Thing is, what is N1+1? The language doesn’t know the type of N1, so it doesn’t know what + does. We could constrain N1 to a concrete type, and in that case there is potential to infer N1+1. But a consistent structure needs the + method to be pure or never change, which is not guaranteed. Types cannot change structure because there’s no good way to handle existing instances and compiled code. The straightforward rule is requiring every parameter to be provided rather than computed from others.
ComputedFieldTypes doesn’t have this issue because the @computed struct header is only a shorthand inner constructor, not an actual type.
julia> c::Int = -1; function impure_add(a, b) a+b+c end
impure_add (generic function with 1 method)
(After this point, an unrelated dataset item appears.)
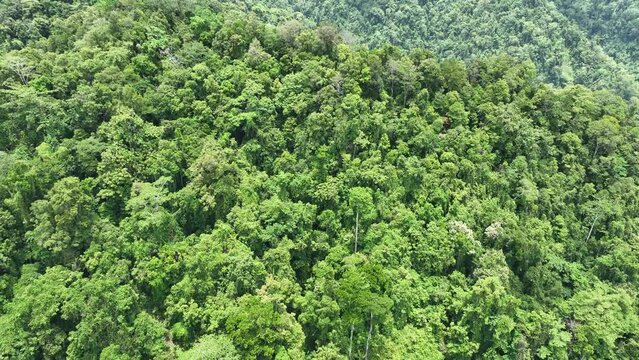 Thick rainforest covers the rugged island of Batanta, one of the larger islands in Raja Ampat, Indonesia. This remote, tropical region is known for its spectacular biodiversity.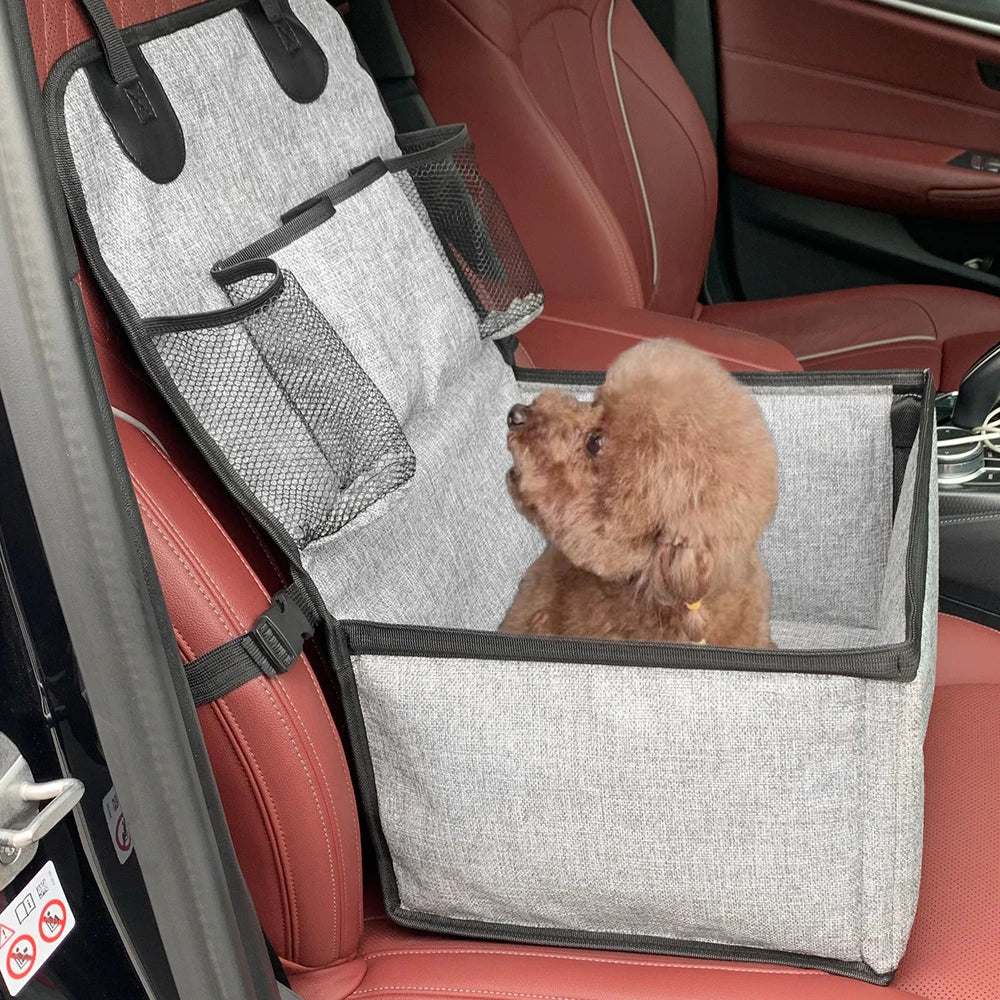 Dog sitting comfortably in a car booster seat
julia> @computed struct B{N1}
a::NTuple{impure_add(N1, 1), Int}
end
julia> fulltype(B{1})
B{1, 1}
julia> c::Int = 0; fulltype(B{1}) # now specifies another type
B{1, 2}
Since there isn’t an inner constructor with all the parameters, you must use the shorthand and be careful about what it means at a given moment, or else you get cryptic errors:
julia> B{1}((1,2))
B{1, 2}((1, 2))
julia> c::Int = 1; B{1}((1,2)) # if you don't adjust properly
ERROR: MethodError: Cannot `convert` an object of type
Tuple{Int64{},Int64{}} to an object of type
Tuple{Int64{},Int64{},Int64}